Topología hub-and-spoke – Diseño donde una VNet “hub” contiene el NVA (y a menudo el gateway VPN/ExpressRoute) y las VNets o subredes “spoke” enrutan su tráfico hacia el hub mediante peering y UDR.

Azure Firewall – Servicio gestionado de Azure que también actúa como firewall; alternativa al NVA cuando se prefiere un servicio nativo en lugar de una VM de terceros.

Funcionalidad

  1. Se despliega una VM con software de firewall o un NVA de terceros en una subred de la VNet (p. ej. subred dedicada).
  2. Se habilita IP forwarding en la NIC de la VM para que pueda reenviar tráfico.
  3. Se crea una tabla de rutas con rutas que envían el tráfico deseado al NVA: próximo salto Virtual.
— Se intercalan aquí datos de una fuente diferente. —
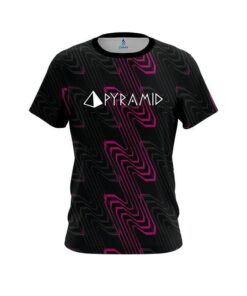 Pyramid Halftone Extreme Pink CoolWick Bowling Jersey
Appliance = IP privada del NVA (p. ej. ruta 0.0.0.0/0 para todo el tráfico a Internet).
  4. Se asocia la tabla de rutas a las subredes que deben enviar su tráfico por el NVA (p. ej. subredes de aplicaciones en un spoke).
  5. El tráfico que sale de esas subredes y coincide con el prefijo de la ruta (p. ej. 0.0.0.0/0) se envía al NVA; el NVA inspecciona, filtra y reenvía o descarta según sus reglas.
  6. Los NSG deben permitir el tráfico entre las subredes de origen y el NVA, y entre el NVA y el destino (o Internet).
  7. En topología hub-and-spoke, el hub tiene el NVA; los spokes tienen UDR que apuntan al NVA del hub (vía peering y direccionamiento correcto).

Casos de Uso

  • Inspeccionar y filtrar todo el tráfico a Internet desde subredes de aplicaciones usando un firewall (NVA) y UDR 0.0.0.0/0 .
  • Topología hub-and-spoke: hub con NVA y gateway; spokes con UDR que envían tráfico al hub.
  • Cumplir requisitos de seguridad o compliance usando un firewall de terceros (Palo Alto, Barracuda, etc.) en lugar de solo NSG.
  • Actuar como proxy o IDS/IPS para tráfico entre subredes o hacia Internet.
  • Comparar NVA (VM propia) con Azure Firewall (servicio gestionado) según costo, características y operación.

Errores Comunes

  • Desplegar el NVA pero no configurar UDR (el tráfico no pasará por el NVA; seguirá las rutas del sistema por defecto).
  • No habilitar IP forwarding en la NIC del NVA (la VM no reenviará paquetes y el tráfico se perderá o no llegará al destino).
  • Bloquear con NSG el tráfico entre las subredes de origen y el NVA o entre el NVA y el destino (hay que permitir los flujos necesarios).
  • Poner la IP del NVA en una ruta UDR sin que esa IP sea alcanzable desde la subred (misma VNet, peering o conexión correcta).
  • Confundir NVA con Azure Firewall (NVA es una VM que tú gestionas; Azure Firewall es un servicio PaaS de Azure).

Preguntas

  1. ¿Un appliance de seguridad (NVA) en Azure es una VM que actúa como firewall o dispositivo de seguridad y el tráfico se dirige a ella mediante UDR?.

  2. ¿Para que el tráfico pase por el NVA hay que crear rutas (UDR) con próximo salto “Virtual Appliance” igual a la IP del NVA?.

  3. ¿La VM que actúa como NVA debe tener IP forwarding habilitado en la NIC para reenviar tráfico?.

  4. ¿El NVA es una VM que tú despliegas y gestionas, a diferencia de Azure Firewall que es un servicio gestionado de Azure?.

  5. ¿En topología hub-and-spoke el tráfico de los spokes se puede forzar hacia un NVA en el hub mediante UDR (y peering)?.

  6. ¿Los NSG deben permitir el tráfico entre las subredes de origen y el NVA y entre el NVA y el destino para que el flujo funcione?.